Lesson 9: Geographically Weighted Random Forest

Author

Affiliation

Dr. Kam Tin Seong
Assoc. Professor of Information Systems(Practice)

School of Computing and Information Systems,
Singapore Management University

Published

13 Mar 2023

Content

What is Predictive Modelling?
What is Geospatial Predictive Modelling
Introducing Recursive Partitioning
Advanced Recursive Partitioning: Random Forest
Introducing Geographically Weighted Random Forest

What is Predictive Modelling?

Predictive modelling uses statistical learning or machine learning techniques to predict outcomes.
- By and large, the event one wants to predict is in the future. However, a set of known outcome and predictors (also known as variables) will be used to calibrate the predictive models.

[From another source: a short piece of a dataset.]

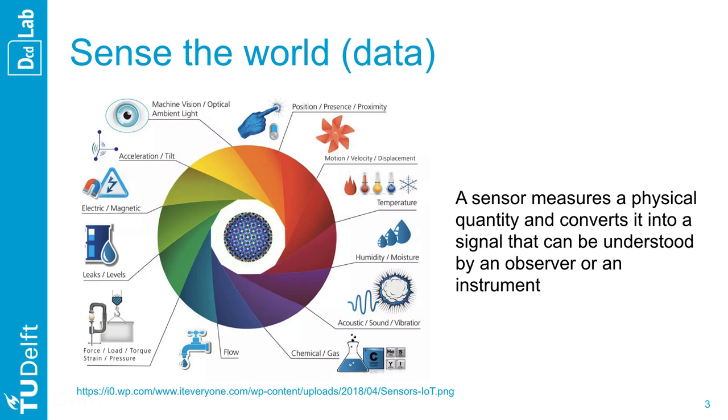For the Nest Learning thermostat, we can assume several temperature and humidity sensors. As this information is critical for the system, redundancy is one way to improve its accuracy.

What is Geospatial Predictive Modelling

Geospatial predictive modelling is conceptually rooted in the principle that the occurrences of events being modeled are limited in distribution.
- When geographically referenced data are used, occurrences of events are neither uniform nor random in distribution over space. There are geospatial factors (infrastructure, sociocultural, topographic, etc.) that constrain and influence where the locations of events occur.
- Geospatial predictive modeling attempts to describe those constraints and influences by spatially correlating occurrences of historical geospatial locations with environmental factors that represent those constraints and influences.

Differences between Explanatory Modelling and Predictive Analytics

Predictive Modelling Process

Data Sampling in Predictive Analytics

Training dataset: This is used to build up our prediction algorithm. Our algorithm tries to tune itself to the quirks of the training data sets. In this phase we usually create multiple algorithms in order to compare their performances during the Cross-Validation Phase.
Validation dataset: This data set is used to give an estimate of model skill while tuning model’s hyperparameters. It aims to avoiding over-fitting the predictive model.
Test dataset: The is also held back from the training of the model, but is instead used to give an unbiased estimate of the skill of the final tuned model when comparing or selecting between final models.

Comparing Predictive Performance

The need for model comparison arises from the wide choice of classifiers and predictive methods.
Not only do we have several different methods, but even within a single method there are usually many options that can lead to completely different results.
In practice, modelers often use several tools, sometimes both graphical and numerical, to choose a best model.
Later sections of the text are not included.